La fermeture de Gagnon le 30 juin s’inscrit dans l’histoire du Québec. Les politiciens, par exemple, comprennent maintenant l’importance d’une économie diversifiée. L’ère des villes monoindustrielles est révolue. Elles sont à la fois à la merci de l’humeur des multinationales et des conditions mondiales du marché.
À Sept-îles, on note de nouvelle avenues: la poursuite du projet de la firme Kayser d’implanter une aluminerie, la construction d’une usine de manganèse à Pointe-Noire au coût de 200 millions de dollars — la première du genre en Amérique du Nord — et puis la vente d’eau potable aux pays Arabes dont l’entente prévoit l’exportation de 440 millions de gallons d’eau par mois!
Autres signes encourageants pour une reprise de l’économie: la légère croissance de la demande du fer à la compagnie minière IOC entraînera prochainement des investissements de l’ordre de 35 millions de dollars, et la mise en opération du quai en eau profonde de Pointe-Noire prévue à l’automne 86. Coût: 50 millions de dollars. Jusqu’à présent, les travaux sont complétés à 50%.
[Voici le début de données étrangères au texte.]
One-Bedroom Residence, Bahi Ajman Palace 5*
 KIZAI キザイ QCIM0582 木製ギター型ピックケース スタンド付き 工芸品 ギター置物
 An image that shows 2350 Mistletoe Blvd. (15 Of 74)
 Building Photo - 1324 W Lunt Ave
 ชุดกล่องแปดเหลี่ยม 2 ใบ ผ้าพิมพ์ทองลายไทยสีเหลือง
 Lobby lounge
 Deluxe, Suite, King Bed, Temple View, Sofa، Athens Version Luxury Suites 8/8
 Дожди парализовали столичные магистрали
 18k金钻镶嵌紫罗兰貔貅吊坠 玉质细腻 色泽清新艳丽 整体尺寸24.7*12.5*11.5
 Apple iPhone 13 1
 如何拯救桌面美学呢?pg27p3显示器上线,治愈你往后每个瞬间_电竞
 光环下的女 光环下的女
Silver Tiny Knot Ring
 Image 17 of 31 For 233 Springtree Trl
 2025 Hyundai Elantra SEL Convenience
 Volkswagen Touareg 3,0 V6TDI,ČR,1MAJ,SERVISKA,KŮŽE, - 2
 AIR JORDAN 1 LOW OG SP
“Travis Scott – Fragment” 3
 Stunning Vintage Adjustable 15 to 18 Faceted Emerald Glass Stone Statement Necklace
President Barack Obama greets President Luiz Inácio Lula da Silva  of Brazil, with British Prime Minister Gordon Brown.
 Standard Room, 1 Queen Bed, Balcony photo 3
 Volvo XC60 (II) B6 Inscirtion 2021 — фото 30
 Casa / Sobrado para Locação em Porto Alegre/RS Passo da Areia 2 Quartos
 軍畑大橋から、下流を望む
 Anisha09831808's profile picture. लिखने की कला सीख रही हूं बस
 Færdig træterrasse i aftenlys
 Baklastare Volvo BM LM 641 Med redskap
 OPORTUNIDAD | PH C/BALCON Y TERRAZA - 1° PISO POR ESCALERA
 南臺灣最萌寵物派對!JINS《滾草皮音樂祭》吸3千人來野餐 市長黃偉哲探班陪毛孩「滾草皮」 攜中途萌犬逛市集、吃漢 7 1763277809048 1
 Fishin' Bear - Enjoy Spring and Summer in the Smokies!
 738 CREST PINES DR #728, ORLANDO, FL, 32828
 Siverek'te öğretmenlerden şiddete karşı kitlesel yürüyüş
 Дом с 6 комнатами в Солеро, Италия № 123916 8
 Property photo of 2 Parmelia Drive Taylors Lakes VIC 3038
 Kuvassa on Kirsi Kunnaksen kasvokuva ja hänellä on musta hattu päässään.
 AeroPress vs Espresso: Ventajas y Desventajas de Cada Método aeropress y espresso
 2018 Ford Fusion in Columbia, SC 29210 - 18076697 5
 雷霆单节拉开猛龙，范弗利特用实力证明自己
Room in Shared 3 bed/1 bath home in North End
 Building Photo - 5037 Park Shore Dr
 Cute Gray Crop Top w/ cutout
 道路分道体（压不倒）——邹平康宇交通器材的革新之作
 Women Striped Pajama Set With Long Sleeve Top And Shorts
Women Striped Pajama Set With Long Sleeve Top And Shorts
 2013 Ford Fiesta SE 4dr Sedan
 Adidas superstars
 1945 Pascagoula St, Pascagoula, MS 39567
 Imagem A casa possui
Il semble que la rationalisation des opérations minières aura ses effets positifs. Au cours des quinze prochaines années, Fer-mont et Port-Cartier sont assurés d’une production minimale de 14,5 millions de tonnes de fer.
Mais ce qui survient à Gagnon en ce moment, personne ne l’oubliera. Obliger une population à se déraciner de son milieu qui lui était sien, cela équivaut à la mépriser. Pis encore, démolir ce qui reste de Gagnon, c’est renier un patrimoine, une population qui a connu un vécu formidable de sa naissance à sa mort.